Flying by Seat of Pants Recipes: Carrot Brie Soup

For those of you who enjoyed my hapless attempt to recreate citrus almonds, here's another one.

 1) go to Allium in Ottawa with three friends (great restaurant, stupid name -- whose chef was actually trained by my husband's cousin's French-chef husband -- true story -- well obviously, why on earth would I make something like that up? I met him at my brother-in-law's wedding. Where there was a vegetarian buffet. He was fairly gracious in the absence of foie gras). Fail to order the Carrot and Brie soup on the grounds that you have never really loved carrot soup, which usually tastes like watery cooked carrots, while I prefer them raw. Taste the Carrot and Brie Soup of a friend and then wait for her to go to the washroom so you can eat most of it and refill her bowl with wine and hope she won't notice.

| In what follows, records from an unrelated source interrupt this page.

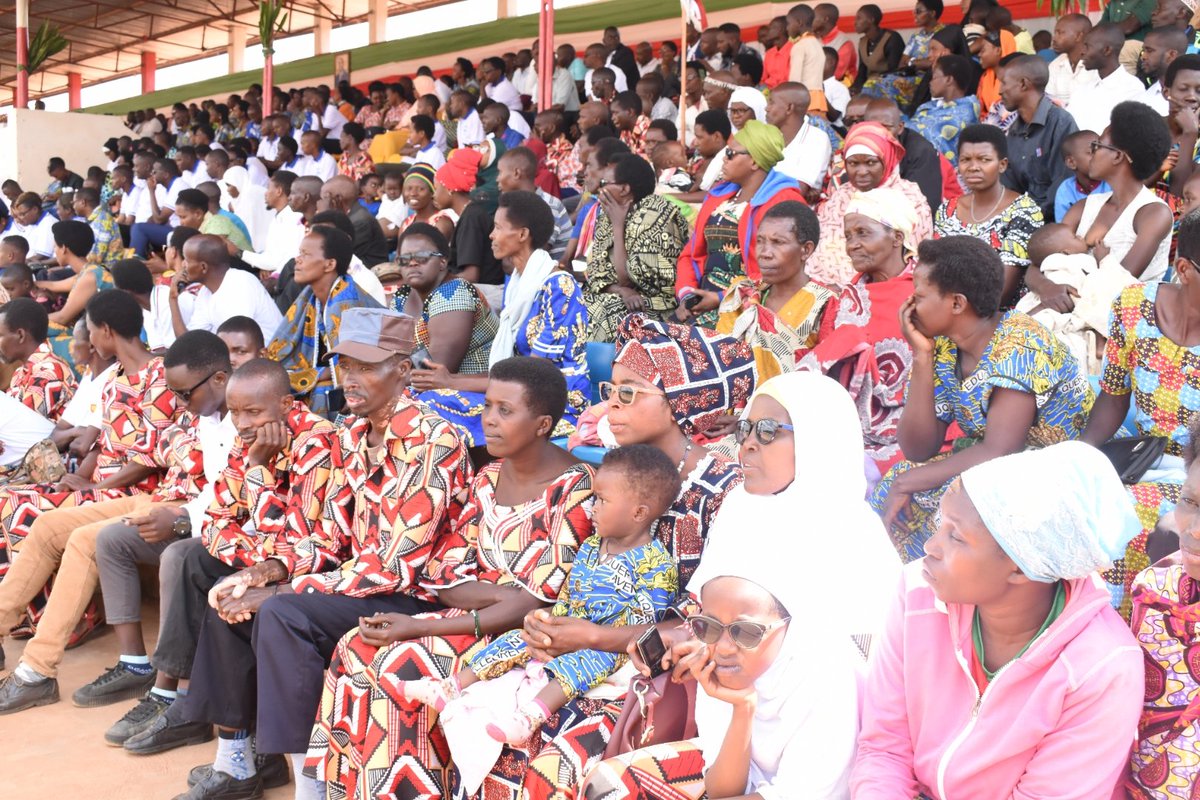 2.Le gouverneur de cette province <a href="/BanyiyezakoB/">Banyiyezako Boniface</a> a interpellé la population au respect des conseils donnés par les leaders et s'atteler à la promotion du tourisme et autres activités de développement pour la construction de #Buhumuza propre et prospère.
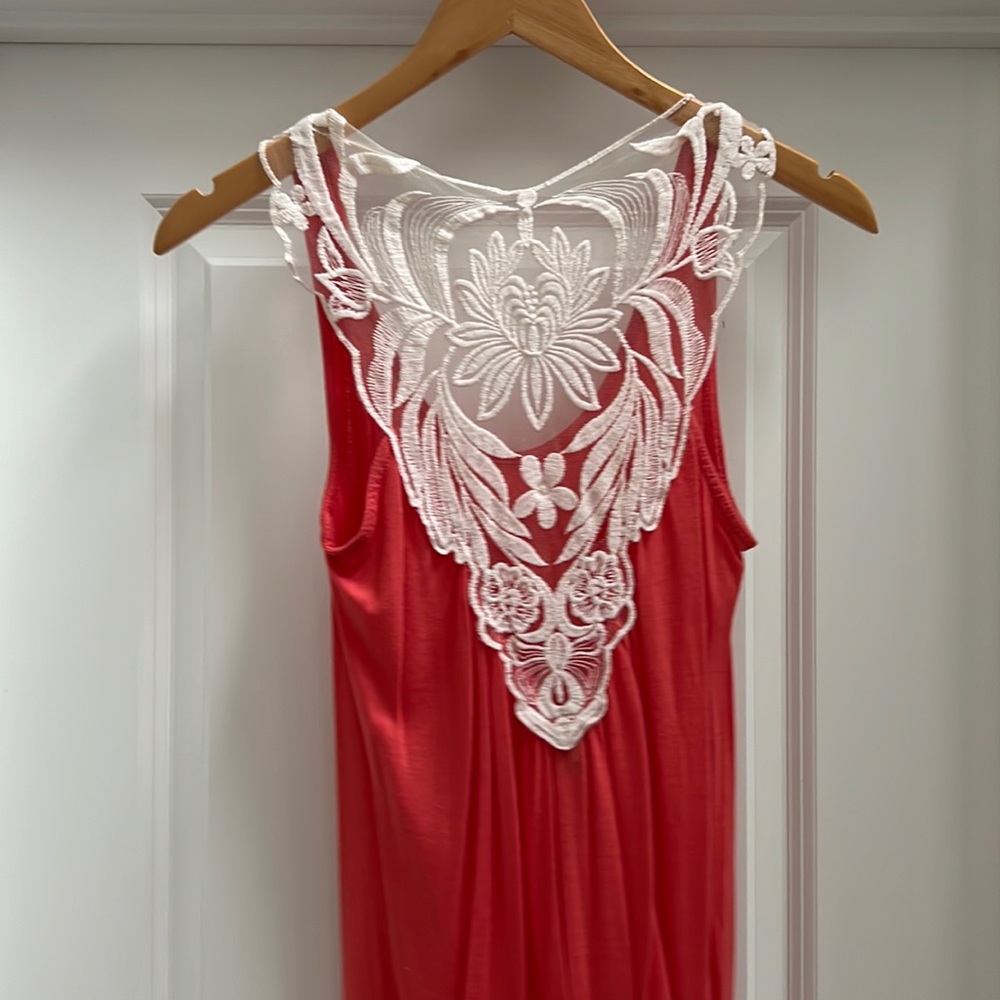 Lace tank top - Small/ Medium
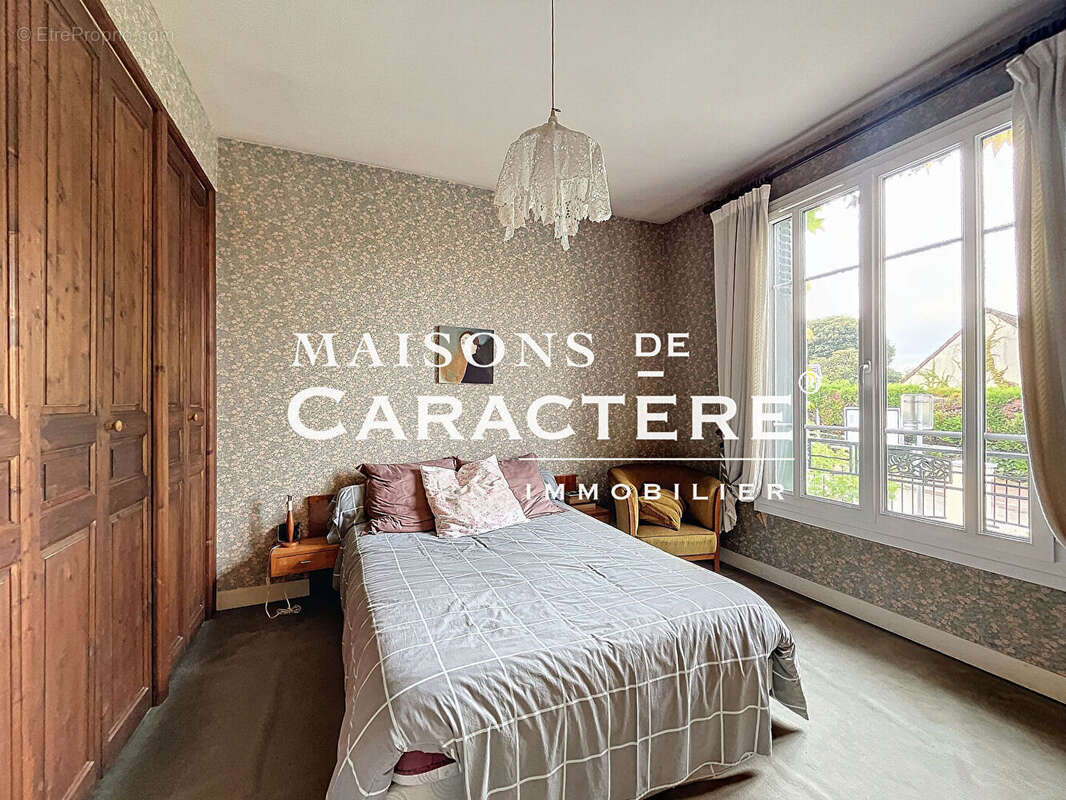 Maison à VERNEUIL-SUR-SEINE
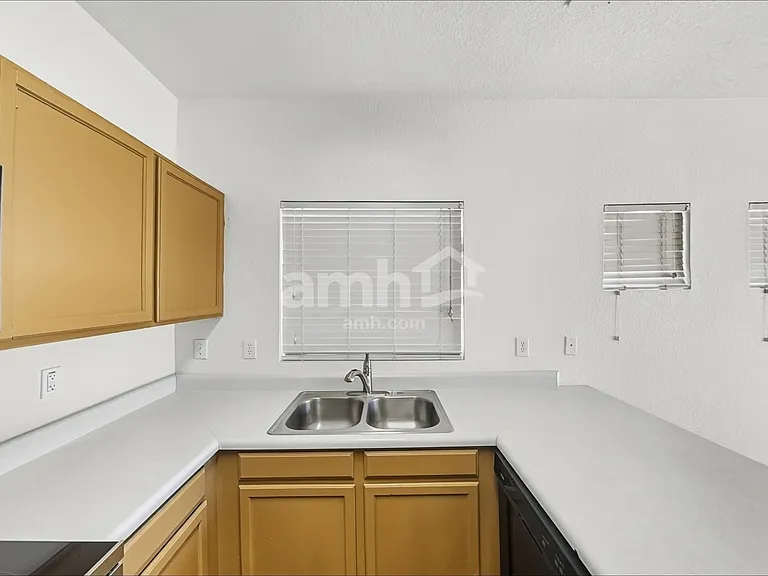 1310 S Red Rock St #A — Photo 4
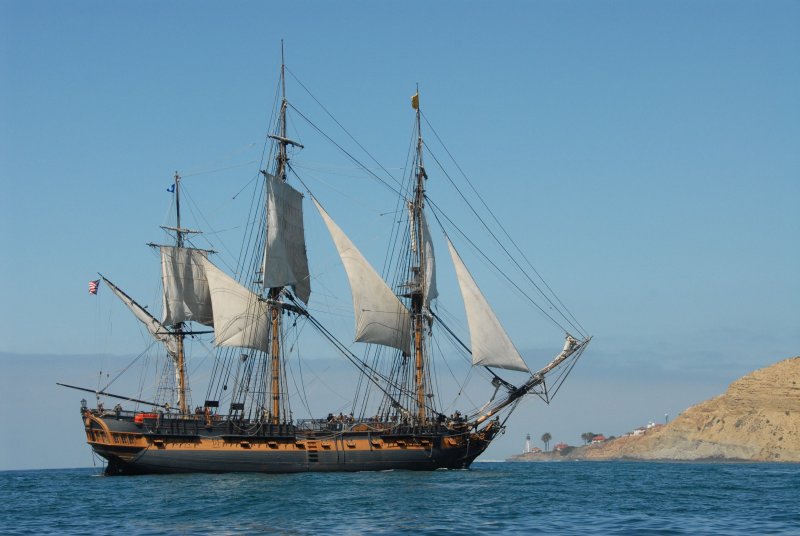 Парусник HMS Surprise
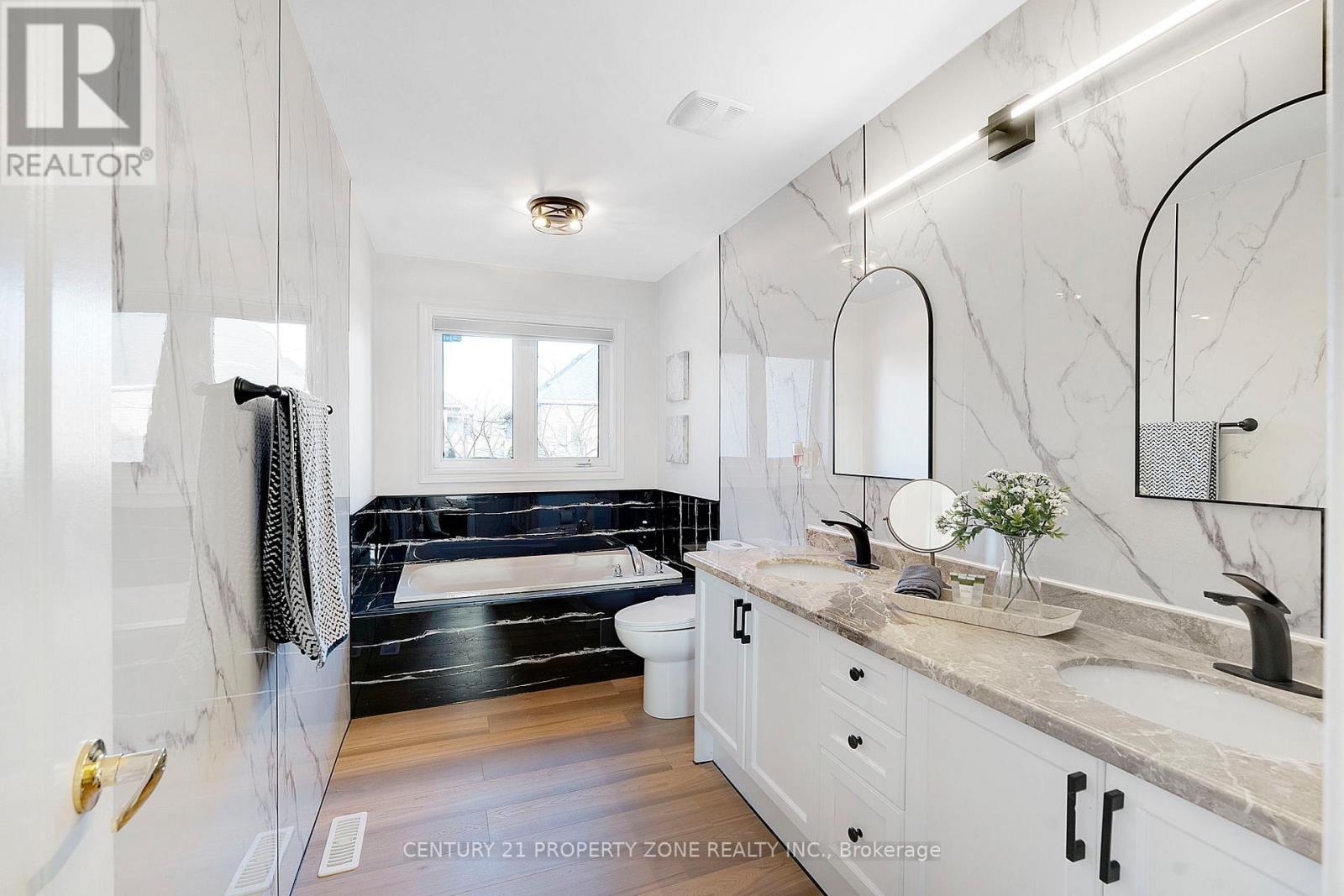 30 Grouse Lane, Brampton, ON - Indoor Photo Showing Bathroom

 2) go home and mount a pitched battle with said friend to see who can re-create the recipe best. Swear at her when her first attempt is much better than yours, which prompted your mother-in-law to counsel dumping most of a litre of cream into the pot, which actually does improve it immeasurably.

 3) make a second attempt which goes much better. 

 4) make a pot for book club which garners rave reviews and may even edge out my almost-famous near-sublime butternut squash soup. 

 5) go to Zarah's and decide to make a pot for lunch with good friend and his wife who I am meeting for the first time. 

 6) dispatch Zarah to the market for ingredients, including carrots and brie. Admire big beautiful local award-winning carrots with which she returns, and look somewhat suspicious at the cheese, which has a thin layer of ash running through it, but succumb to Zarah's blithe assurances that it will work fine (and it does taste really good).

 7) roast the carrots lovingly on a cookie sheet, drizzled with olive oil at 400 degrees until soft

 8) sauté sliced onions and one or two sliced potatoes slowly in butter and olive oil over medium-low heat until soft.

 9) place carrots, onions and potatoes in soup pot. Season with sea salt, pepper, lemon thyme, oregano, whatever. 

 10) add homemade chicken stock just to cover (I over chicken-stocked and under-potatoed the first time).

 11) simmer for a while. 

 12) add wine. simmer for another while. 

 13) add cheese. Stir. Observe cheese melting nicely. Observe strange substance that resembles blobs of gray chewed gum floating around. 

 14) Freak out and deride Zarah's ridiculous yuppie ash-bedecked cheese. 

 15) Calm down and scoop out blobs with a slotted spoon. Empty out soup into bowl and scrape remainder of blobby gray crap off of bottom of pan (or make Zarah do it. She switched the cheese, after all).

 16) Return soup to pot and simmer. Add cream. Consider contacting the Evanturel people to advise adding a big red warning DO NOT USE IN SOUP label so no one else has to endure a similarly harrowing experience. 

 17) Serve soup to appreciative guests and swear each other to secrecy. Until you're in dire need of a blog post.

Comments

Anonymous said…
I think that you should totally write to Evanturel. Other people must be saved from a similar fate.

Also? I'm terribly impressed that you attempted this in the first place. I am a total wimp in the face of such recipes, which is why I only ever make chicken noodle soup.
Nicole said…
I am so hungry right now. I could eat an entire wheel of brie. Oh man. That sounds good.

Cooking to recreate something that you had in a professional setting is ALWAYS a harrowing experience, in my mind. I once tried to recreate peanut satay sauce, to a gravely disastrous end.
Shan said…
Kudos to you for giving it a try!
Mary Lynn said…
Yum--that soup sounds delish! Glad you were able to get rid of the grey glob.

Feel free to pop by my blog and accuse me of being a copy-cat tomorrow when you see that I, too, have posted a soup recipe. Except, I should tell you that I totally had the post planned long before you posted this--it's just that we are so totally in synch.